Configure Firewall Certificates

In this step, you can specify the device certificate to be used for sending events securely to Splunk. This step is optional. It is applicable only if you use the TLS protocol to send events to Splunk.

Before you begin

You can configure the certificates when you have set TLS protocol while configuring the Splunk server. Add certificate object for these clients:

For Firewall Management Center, use internal certificate objects for authentication.
For Firewall Threat Defense, use a certificate enrollment object. First, create the object at Objects > Object Management > PKI > Certificate Enrollment.
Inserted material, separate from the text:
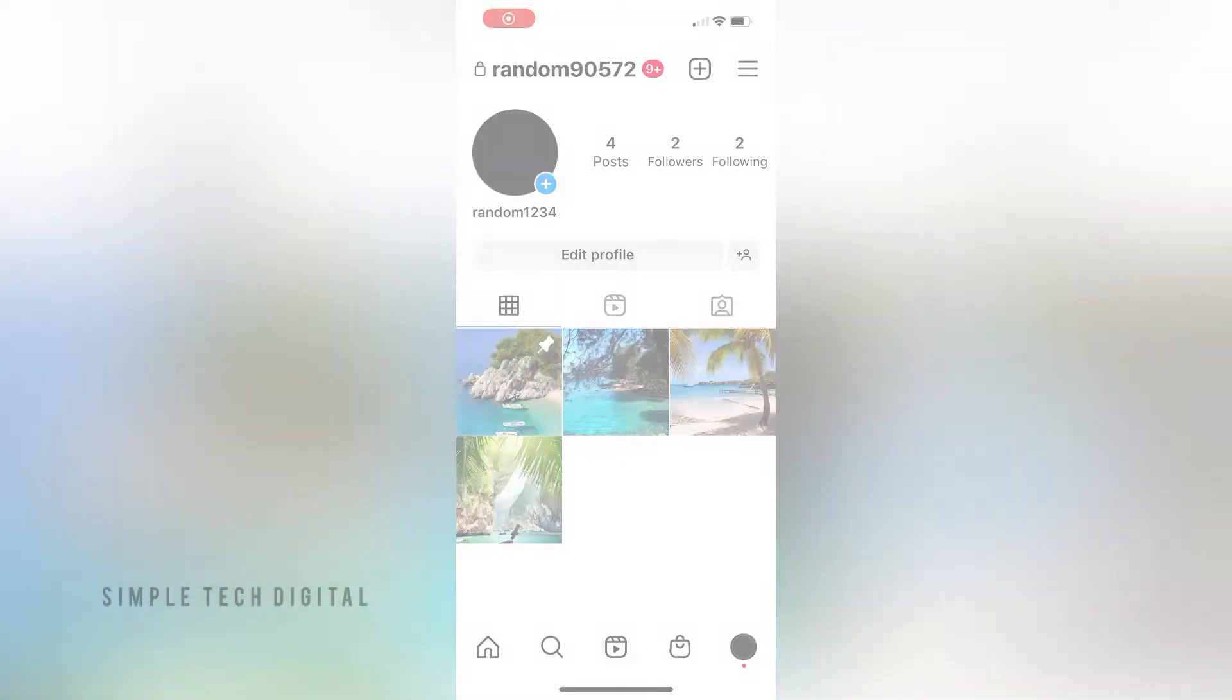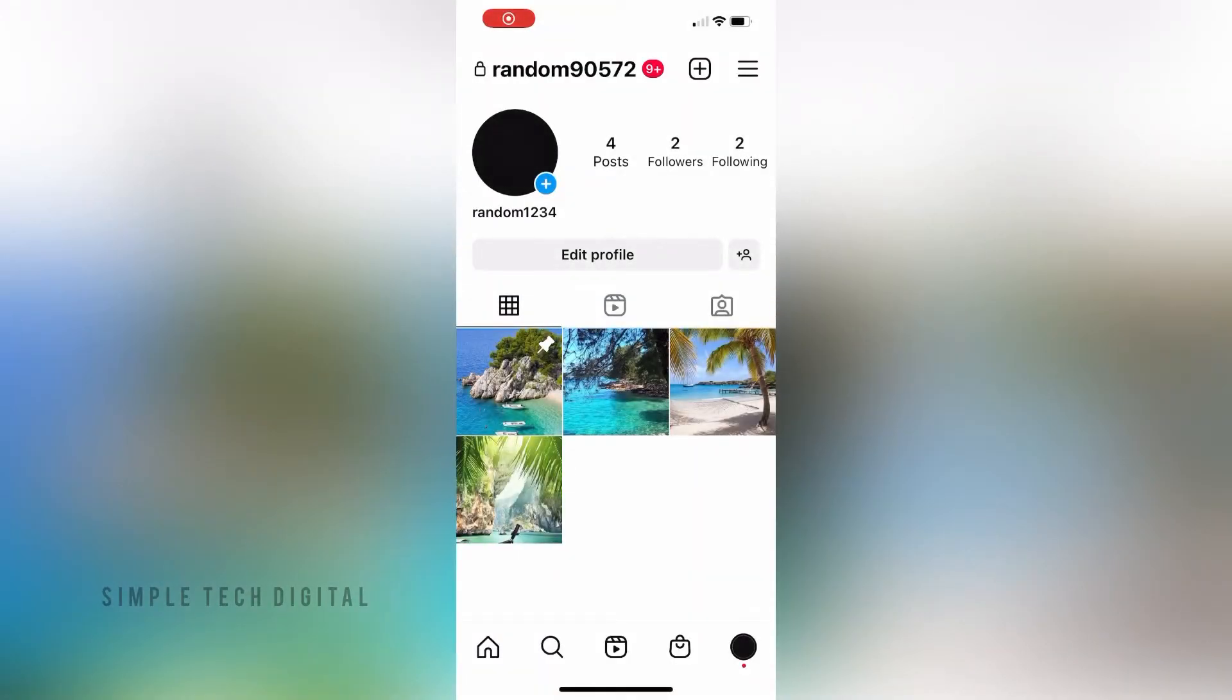In this video, I'm going to show you how you can disable your activity status on Instagram. It's very easy to do, and you can complete it on your Android or iOS device. So without wasting any more time, let's get started.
Then, enroll the certificate on a device at Devices > Certificates.

Procedure

Step 1	From the Firewall Management Center client certificate drop-down list, choose the certificate. To create an internal certificate, click Create.
Step 2	In the Firewall Threat Defense certificates box, use the search box to choose the device whose certificate you want to assign.
Step 3	From the Certificates drop-down list, choose the certificate. Only successfully enrolled device certificates are listed. To enroll a new device certificate, click Create.
Step 4	(Optional) To cancel the creation of the Splunk profile, click Cancel.
Step 5	(Optional) To go back to the previous step, click Back.
Step 6	To move to the next step in the Splunk configuration, click Next.